AVB 2.0 expects the boot image to be signed either by the OEM or with keys set by the user. If you make a Magisk-patched boot image and sign it correctly, you can run Magisk with a locked bootloader and working dm-verity and verified boot. A project that implements this is AVBRoot
KernelSU is a new(er) superuser and module loader implementation that runs in the Linux kernel instead of the Magisk approach of adding extra init scripts and binaries to the boot image.
It is intended to be used with a relatively new Android feature called Generic Kernel Images (more below), which allows drivers and device-specific libraries to be decoupled from the Linux kernel.
It shares some features with Magisk, most notably the root/super-user aspect (duh) and the ability to install modules to modify system files reversibly and rootlessly. While it doesn’t support Zygisk or similar out of the box, an additional module can be installed to add Zygisk support to KernelSU.
Like Magisk, KernelSU can be used with Android Verified Boot using something like AVBRoot. The same conditions apply to KernelSU as to Magisk.
In an effort to make porting newer Linux kernels easier, Google has separated device drivers from the Linux kernel. This means that the Linux kernel used behind the scenes in Android can be easily updated and modified separately.
One project that takes advantage of this is KernelSU, which provides GKI images with root access.
Around the time Android 10 was launched, Google introduced a new idea called the “super partition”. This is a single partition that includes various parts of the Android operating system, including the
system partition or
vendor partition, which can be resized dynamically as required. This was implemented in preparation for another feature called “Virtual A/B Partitioning”, which will be explained later.
Changing super partitions requires a new function known as “fastbootd” or “Fastboot in Userspace”, which is further elucidated below.
The idea is very straightforward: copy the “system” and “vendor” partitions so that one is being utilized while the other is not. This is to update the inactive partition, then switch the active partition between A and B or the other way around when restarting. Updates are quicker after restarting, without the need for lengthy installation times. Yet, this additionally implies that the system’s size is doubled.
Virtual A/B Partitioning aims to enable uninterrupted system updates without the need for double the storage space, by utilizing Super Partitioning. This method involves creating a substitute B partition for updates, which is then switched with the original partition layout upon rebooting
Performing specific tasks through a Terminal in the background, particularly those that demand root access, can be tedious for app developers and can also involve violating the Android Security Model. Which is why the Shizuku App along with Shizuku API was designed to aid App developers can use this tool to incorporate various functions that would typically require the use of ADB or Root.

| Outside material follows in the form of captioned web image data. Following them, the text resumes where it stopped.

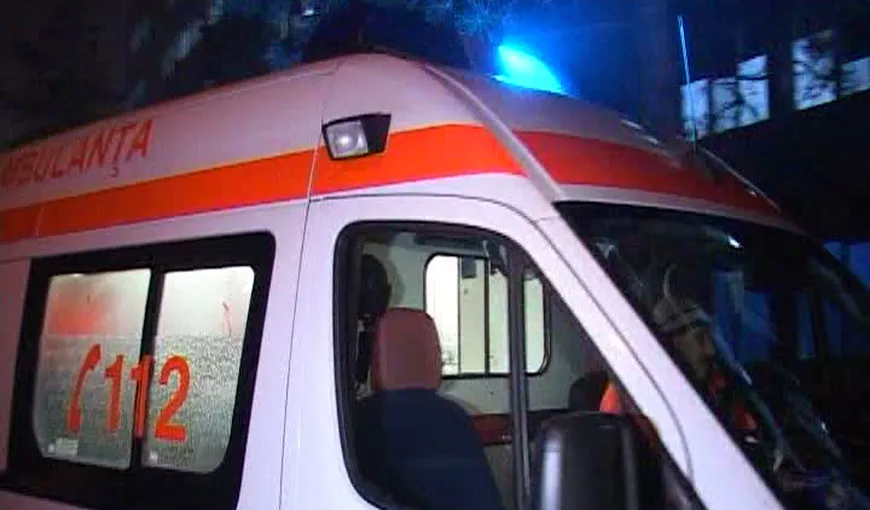 EXPLOZIE urmată de incendiu într-un bloc din Focşani. Zece persoane au fost evacuate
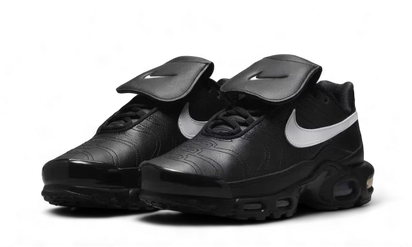 Kup oryginalne Air Max Plus Tiempo Black White HF0074-001 - widok z drugiego boku - Sneakersy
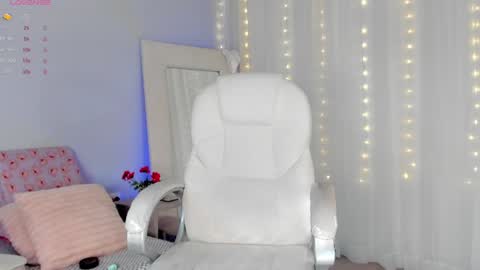 Amber online show from 01-15-25, 03:07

The tool provides a Java API, eliminating the need for Terminal commands in the background.
In practice, you can run Shizuku by connecting to your PC and using actual ADB once, or use Android’s “wireless debugging” feature to do it completely without a PC (Android 11 and above).
Note that if you restart your device, you need to run Shizuku again.
This is basically the alternative for rooted devices to Shizuku. It uses the Shizuku API by utilizing Magisk’s Zygisk function, injecting code directly into Android. This gives it full integration with the system. In addition, because it runs on top of a Magisk / KernelSu module, it has extra permissions to perform some functions that Shizuku alone cannot.
Unlike Shizuku, Sui does not need to be rerun when restarting or turning off the device since it is integrated through Magisk.
Custom Kernels modify the Linux Kernel in Android by adding extra patches that help with tasks such as overclocking, supporting KernelSU or OverlayFS, and more. These Kernel Managers are usually used to handle them.
Kernel Management Apps are basic programs that help you control multiple kernel features, such as CPU and GPU clock speed, I/O settings, and others. They often provide features to check and enhance battery performance or run scripts, which can be set to run automatically when the device is turned on.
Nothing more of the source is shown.